The answer must be an exact copy of the records, with no pictures in it.

[Brief descriptive captions]
▶

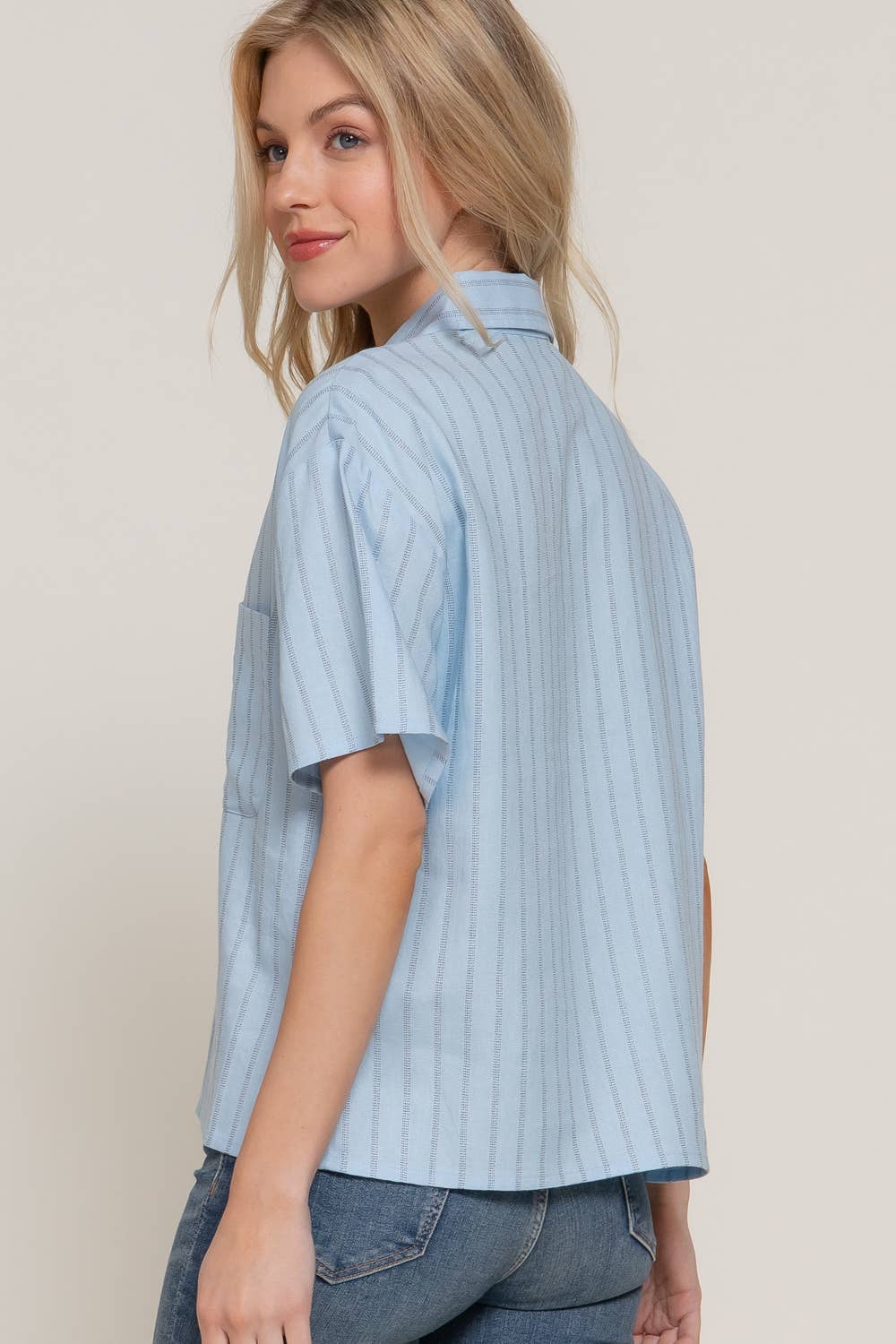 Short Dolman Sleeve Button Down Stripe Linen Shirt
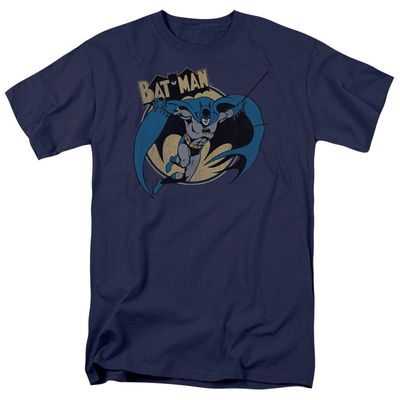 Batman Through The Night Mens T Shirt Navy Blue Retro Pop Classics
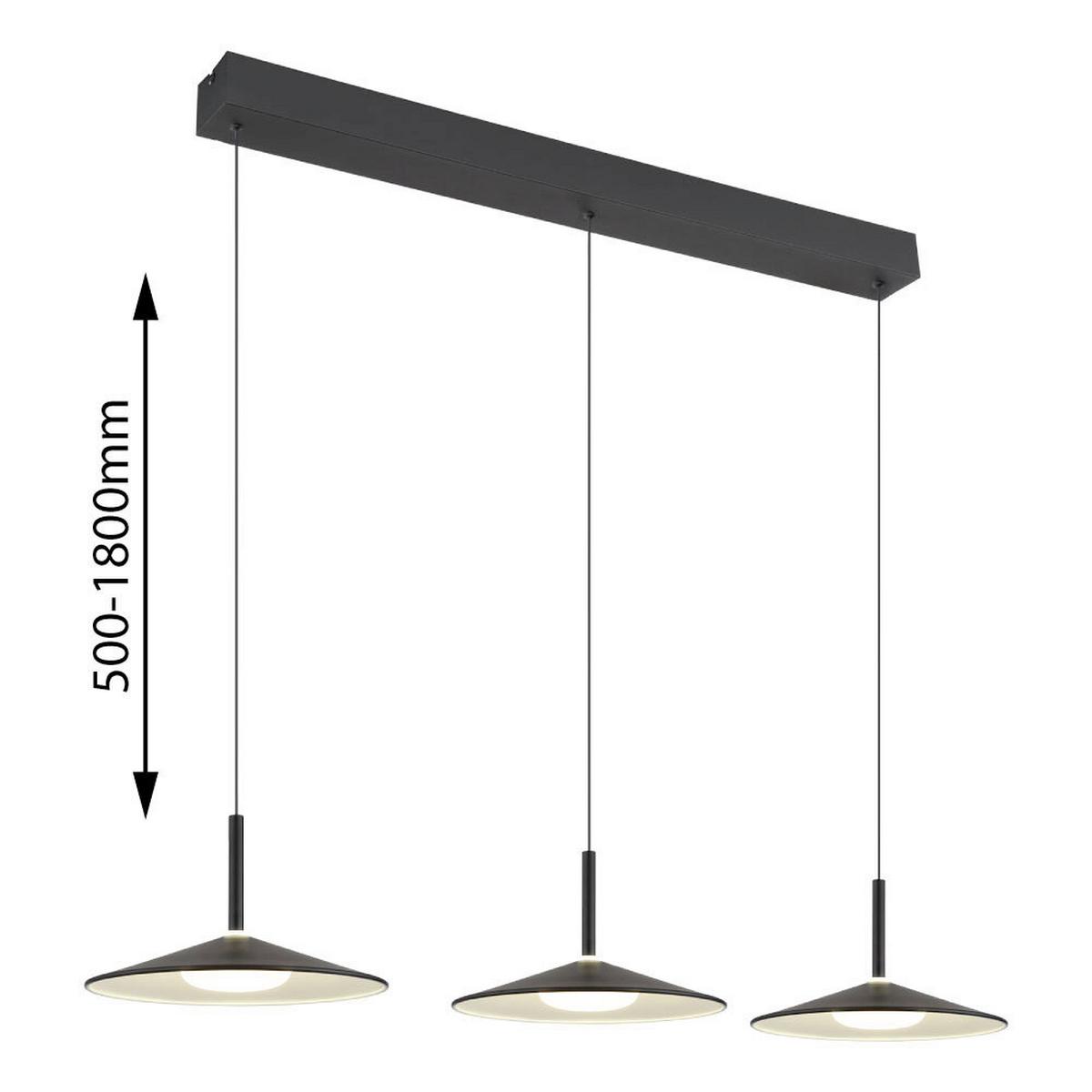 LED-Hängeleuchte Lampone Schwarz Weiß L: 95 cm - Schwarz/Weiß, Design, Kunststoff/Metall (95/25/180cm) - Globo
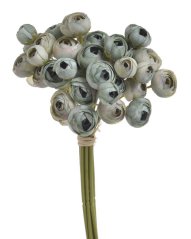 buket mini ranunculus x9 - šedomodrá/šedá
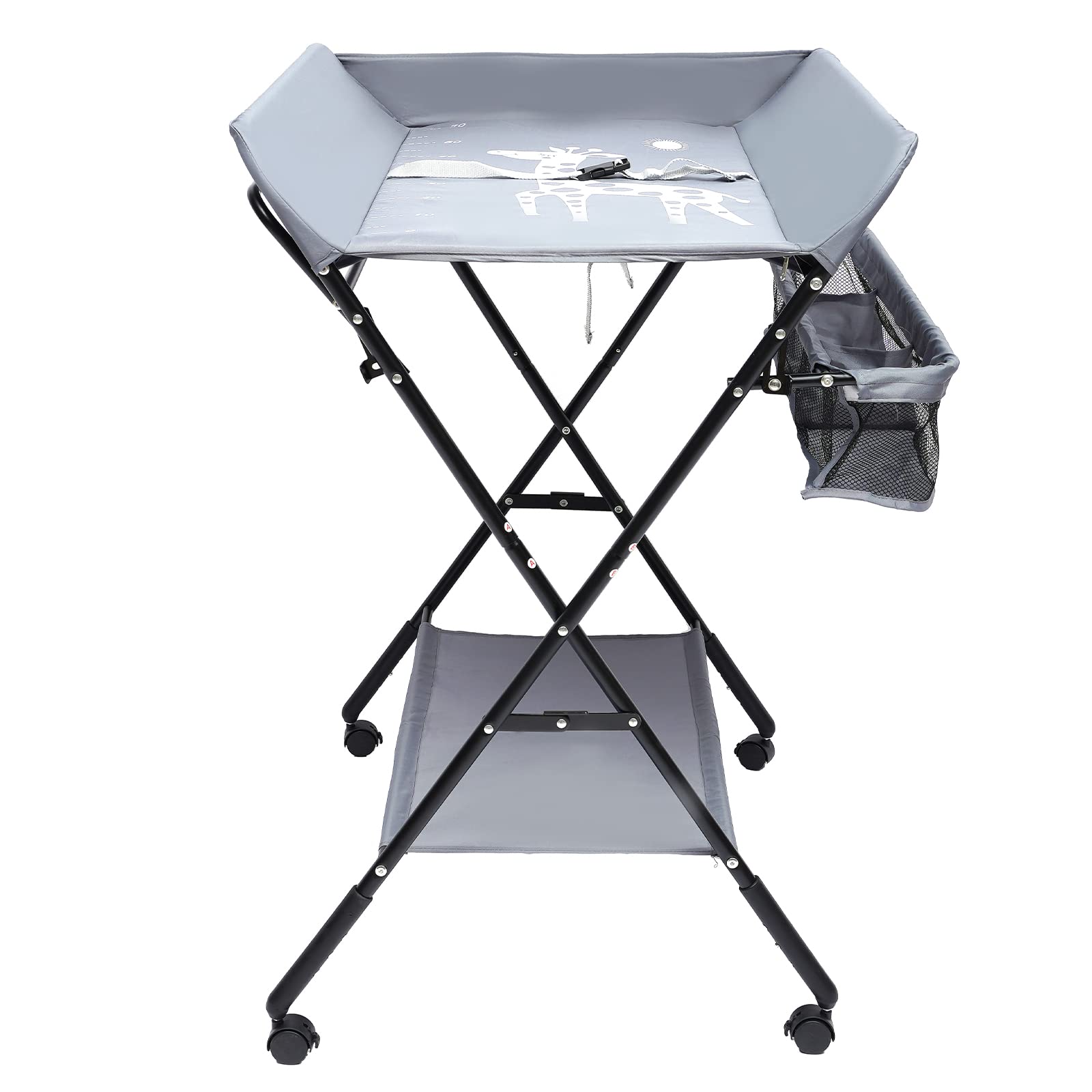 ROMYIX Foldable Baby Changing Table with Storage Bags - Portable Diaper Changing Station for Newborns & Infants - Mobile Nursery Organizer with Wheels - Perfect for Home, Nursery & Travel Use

◀

RESPONSE AREA:
 Short Dolman Sleeve Button Down Stripe Linen Shirt
 Batman Through The Night Mens T Shirt Navy Blue Retro Pop Classics
 LED-Hängeleuchte Lampone Schwarz Weiß L: 95 cm - Schwarz/Weiß, Design, Kunststoff/Metall (95/25/180cm) - Globo
 buket mini ranunculus x9 - šedomodrá/šedá
 ROMYIX Foldable Baby Changing Table with Storage Bags - Portable Diaper Changing Station for Newborns & Infants - Mobile Nursery Organizer with Wheels - Perfect for Home, Nursery & Travel Use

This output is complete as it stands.